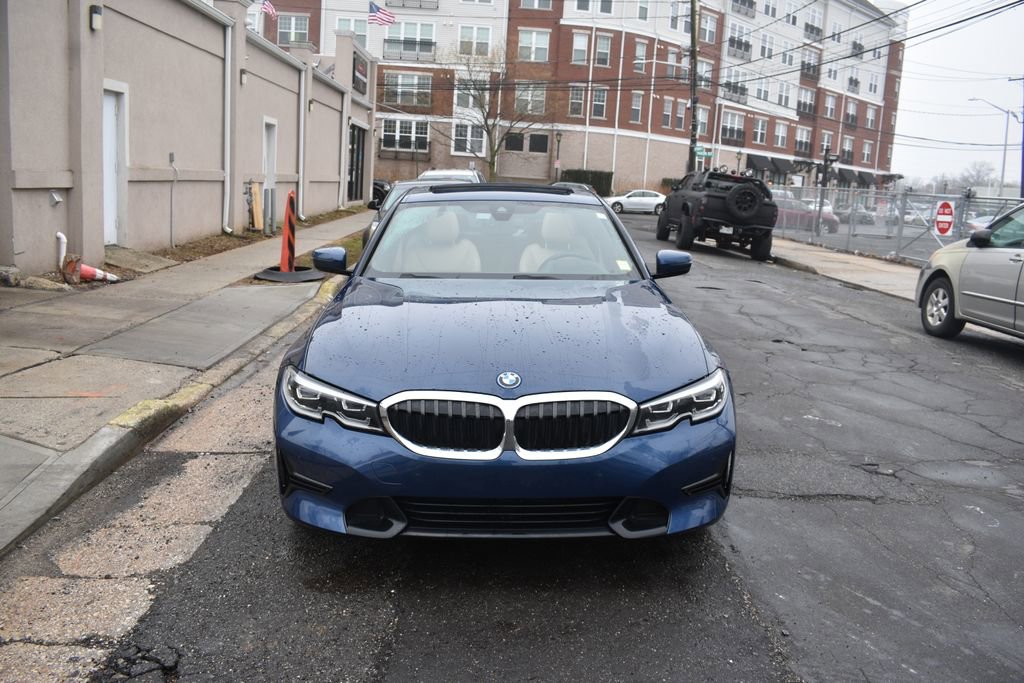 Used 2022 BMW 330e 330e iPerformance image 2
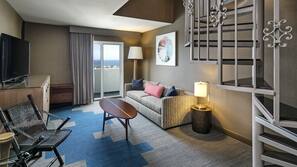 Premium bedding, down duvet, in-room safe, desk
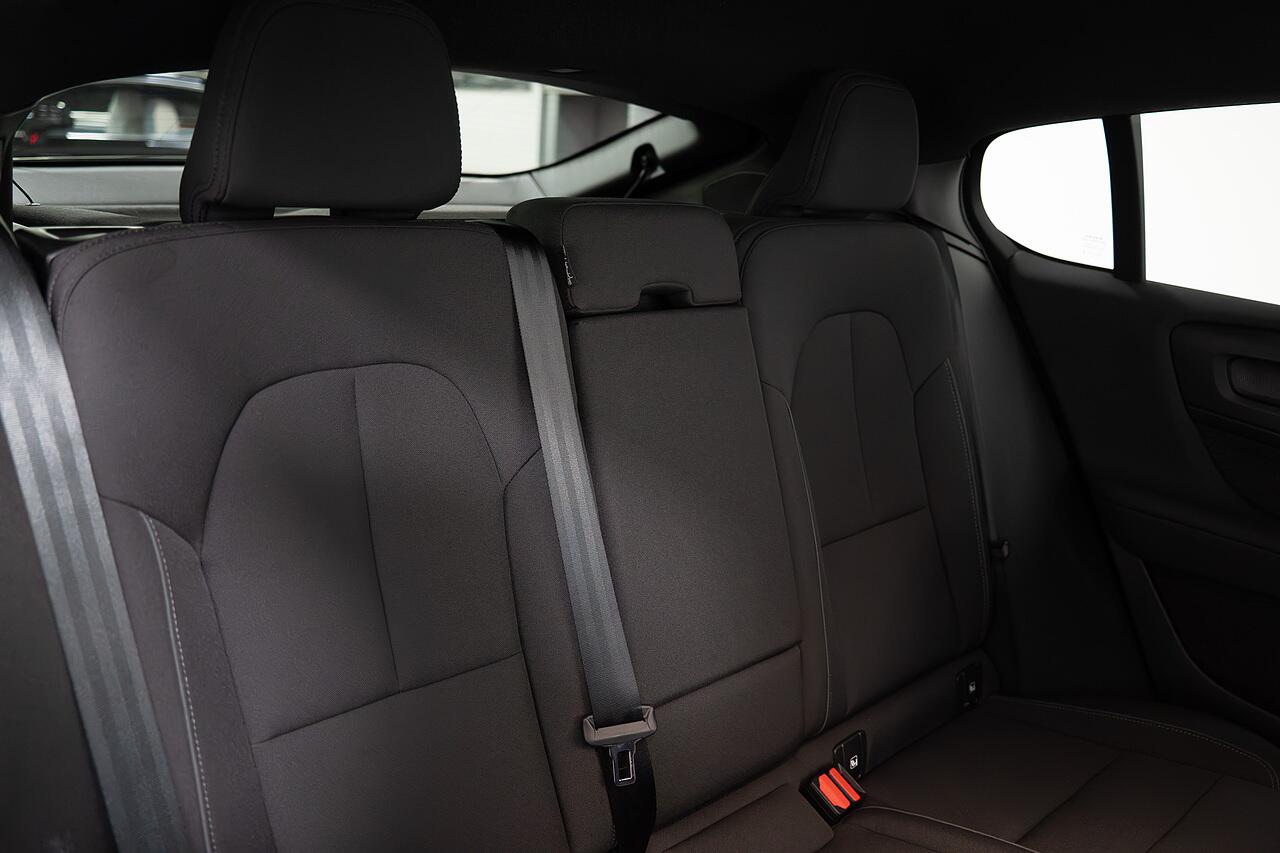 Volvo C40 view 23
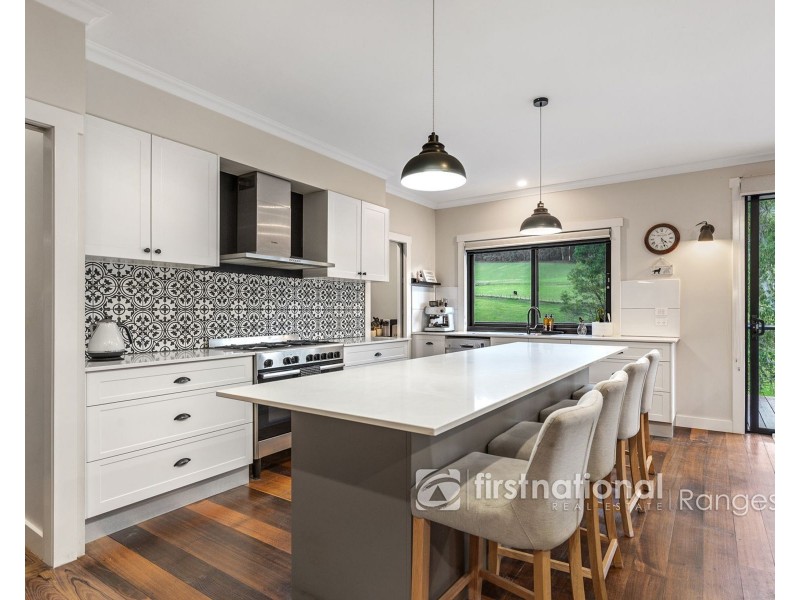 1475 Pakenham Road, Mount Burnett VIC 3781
...
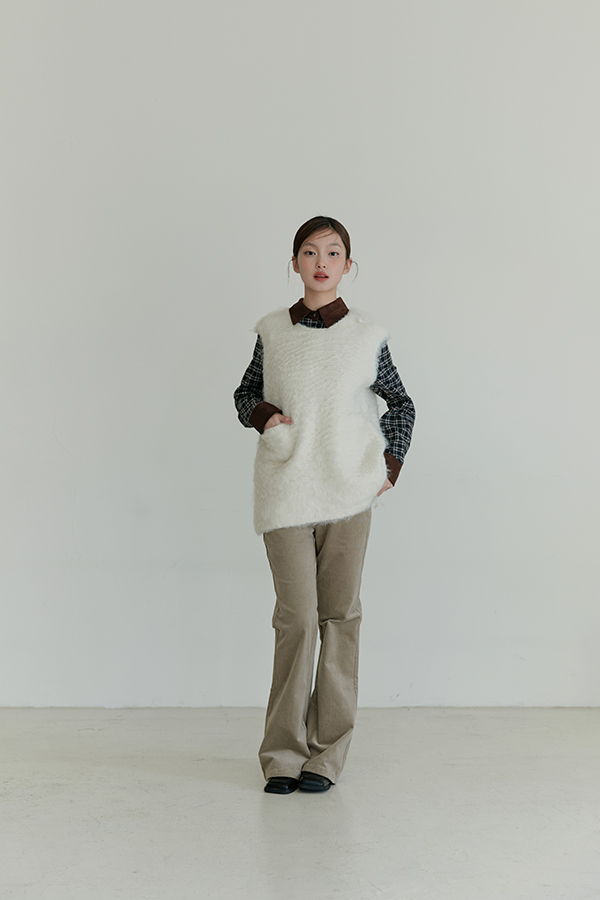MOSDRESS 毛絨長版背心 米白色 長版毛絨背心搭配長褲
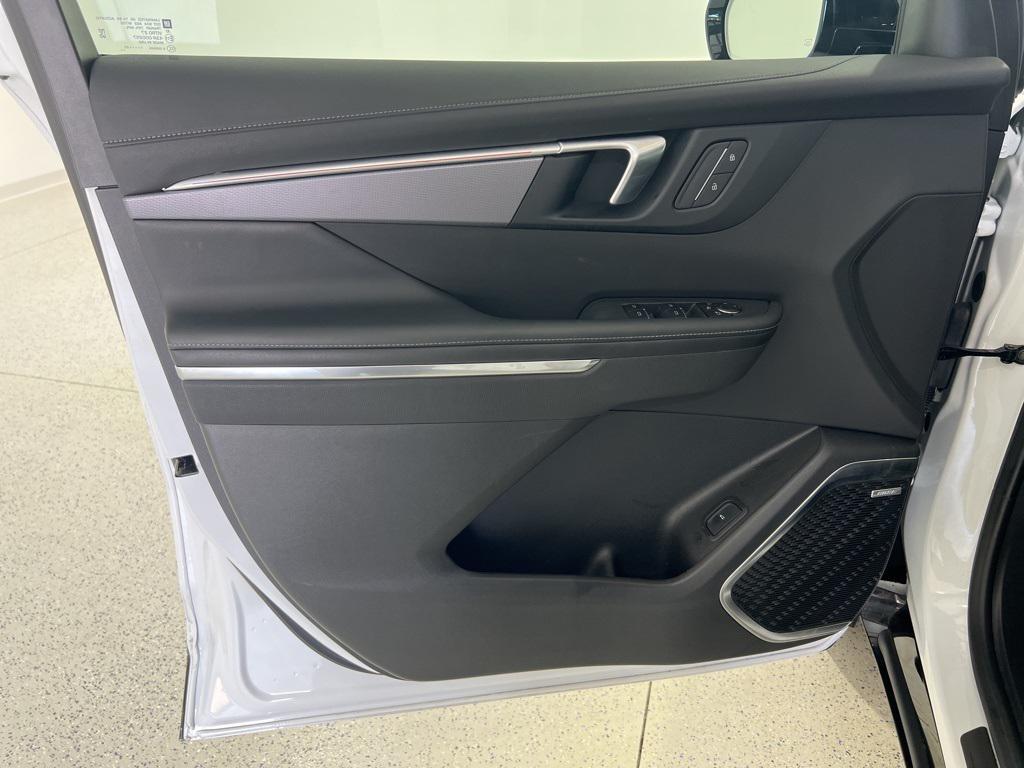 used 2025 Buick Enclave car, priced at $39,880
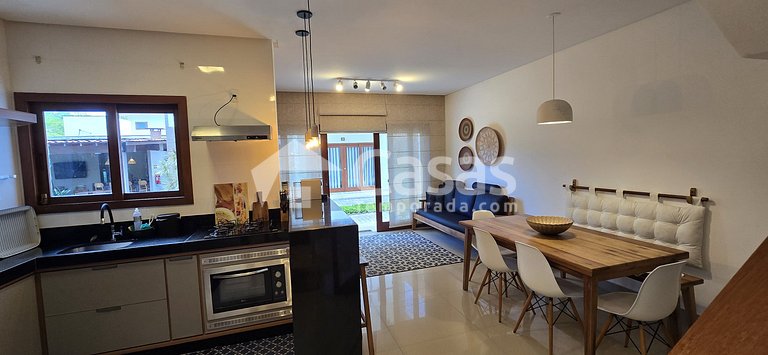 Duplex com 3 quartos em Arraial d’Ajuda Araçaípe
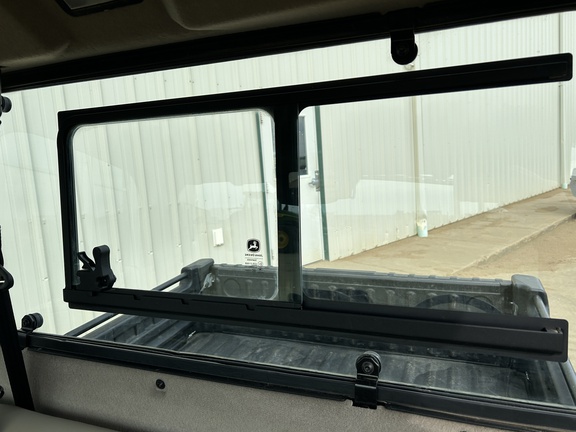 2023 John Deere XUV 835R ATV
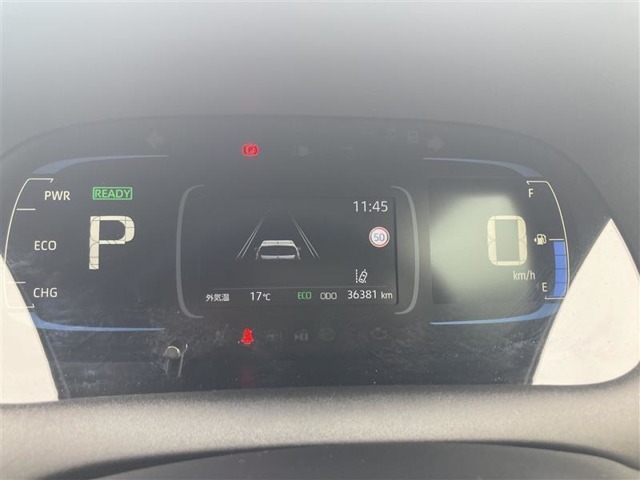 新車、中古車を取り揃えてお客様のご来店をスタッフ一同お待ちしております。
...
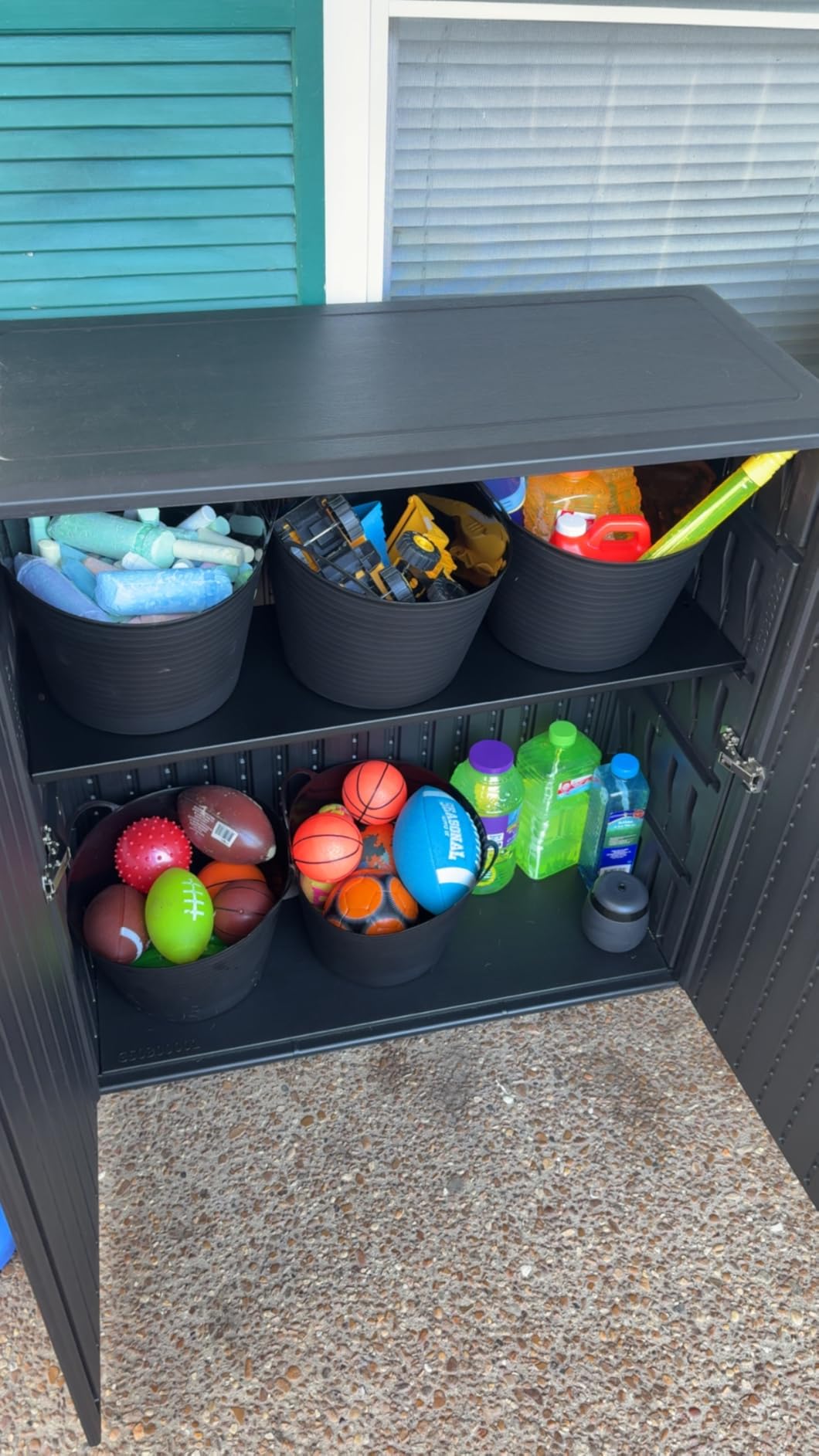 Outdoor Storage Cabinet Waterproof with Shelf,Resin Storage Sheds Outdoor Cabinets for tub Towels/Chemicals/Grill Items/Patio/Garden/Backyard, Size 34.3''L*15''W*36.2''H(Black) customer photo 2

* **Requirement**
All lines above from the one containing "MOSDRESS 毛絨長版背心 米白色 長版毛絨背心搭配長褲" up to and including the one containing "新車、中古車を取り揃えてお客様のご来店をスタッフ一同お待ちしております。" are to be set down exactly, and nothing else. Leave images out.

* **Exercise result**
MOSDRESS 毛絨長版背心 米白色 長版毛絨背心搭配長褲
 used 2025 Buick Enclave car, priced at $39,880
 Duplex com 3 quartos em Arraial d’Ajuda Araçaípe
 2023 John Deere XUV 835R ATV
 新車、中古車を取り揃えてお客様のご来店をスタッフ一同お待ちしております。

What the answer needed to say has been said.